Note that there are few exceptions to the electronic filing. Certain non-ERISA forms such as Form SSA (Annual Registration Statements for Deferred Vested Participants) and Schedule E (for ESOPS) are only filed via a paper form. In addition, filers of Form 5500 for a 2008 plan year (plan years beginning in 2008) can still use paper, at least until October 15, 2010. These 2008 plans can still file using EFAST1, but only through June 30, 2010. And finally, filers of Form 5500-EZ can choose to file via paper or electronically using EFAST2. Note that the EFAST2 filing of the Form EZ then makes that information subject to public disclosure. For other filings EFAST2 is now your only option.
Corrective filings under DFVC as well as amended and delinquent filings are all filed via EFAST2. For amended filings for 2009 and later plan years, you would start with the original filing, make corrections on that form and then you refile the form, all within the EFAST2 system. Only filers of Form EZ can file an amended form via paper, that is unless the original filing was electronic under EFAST2, then those amended forms must also be filed under EFAST2.
There are basically two software options under EFAST2 options. You can use the DOL’s internet option, called IFILE, or software from a third-party vendor. IFILE has limitations and is really only intended for small-volume filers such as a plan sponsor who prepares its own Form 5500. IFILE also does not provide instructions on completing the form, nor does it permit batch processing of several forms. Those are among the key features being touted with most third-party options.
The DOL is doing a good job of keeping plan sponsors and service providers up to date on the new filing process. It has posted FAQs about EFAST2 on its Web site. The Department is updating on a regular basis in response to inquiries from the public.
For those of you following this process, here is something you might have missed. While you must file electronically, you are still required to maintain a fully executed and signed copy of the form with all schedules, and attachments. The DOL holds that these are part of the plan’s records. Copies of that form would be available to participants, beneficiaries, and the DOL upon request. Apparently you may maintain this copy in an electronic format (e.g., a PDF format) as long as all signatures are visible.
Special rules apply to the “wet” signature of the plan’s actuary on Schedule SB or MB and the plan’s auditor on the audit report. The actuary and auditor provide the completed and signed documents that are submitted electronically with the rest of the filing.

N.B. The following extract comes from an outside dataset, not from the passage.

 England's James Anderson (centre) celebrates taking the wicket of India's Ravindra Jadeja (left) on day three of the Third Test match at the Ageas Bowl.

There seems to be consensus that the greatest problem with navigating the EFAST2 process will be credentialing those involved and then getting the plan sponsor to apply those credentials at the time of the actual filing. In the past, the plan sponsor and plan administrator merely signed the form that was sent to them by their accountant or TPA and dropped the form into the mail. With EFAST2, the plan administrator, the plan sponsor, the transmitter and certain other parties associated with the creation of the form must first register using the EFAST2 website (www.efast.dol.gov). Incidentally, if you registered to use EFAST1, your credentials are no good on EFAST2, and you will need to register again.
There are five user types under EFAST2. You can register for all that apply to you if you will be performing multiple functions. The user types are as follows:
Filing Author: Filing authors can complete Form 5500/5500-SF and the accompanying schedules, submit the filing, and check on the status of the filing. Filing Authors cannot sign filings unless they are also the plan administrator and have the “filing signer” role.

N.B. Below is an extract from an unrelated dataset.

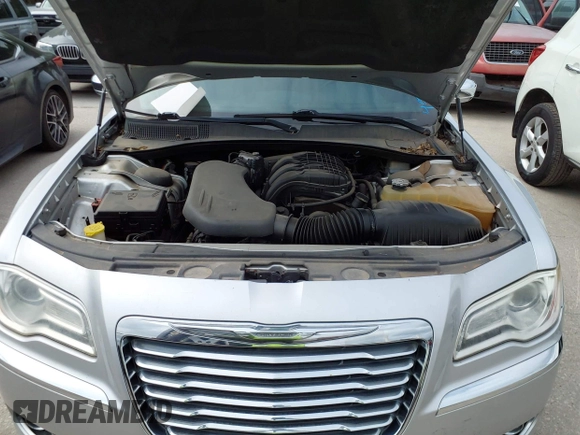 2012 Chrysler 300 Limited with VIN 2C3CCACG9CH223032, listed as a IAAI auction lot 42144147 with 139,625 mi miles. Bid and sale history available at carsss.com. Image 10.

Filing Signer: Filing signers are the individuals who will sign Form 5500. The signer’s signature indicates that to the best of the signer's knowledge and belief the filing is true, correct, and complete. Signers include Plan Administrators and Plan Sponsors. No other filing-related work may be done by the filing signer if they have only registered under this user type. In the great scheme of things, the plan administrator remains legally responsible for the timeliness of the submission of the form.
Schedule Author: Schedule authors can complete one or more of the schedules that accompany the form. Schedules created by a schedule author are not associated with a filing until the schedule is exported to the filing author who will include the schedule in the correct filing. Schedule authors cannot initiate, sign, or submit a filing.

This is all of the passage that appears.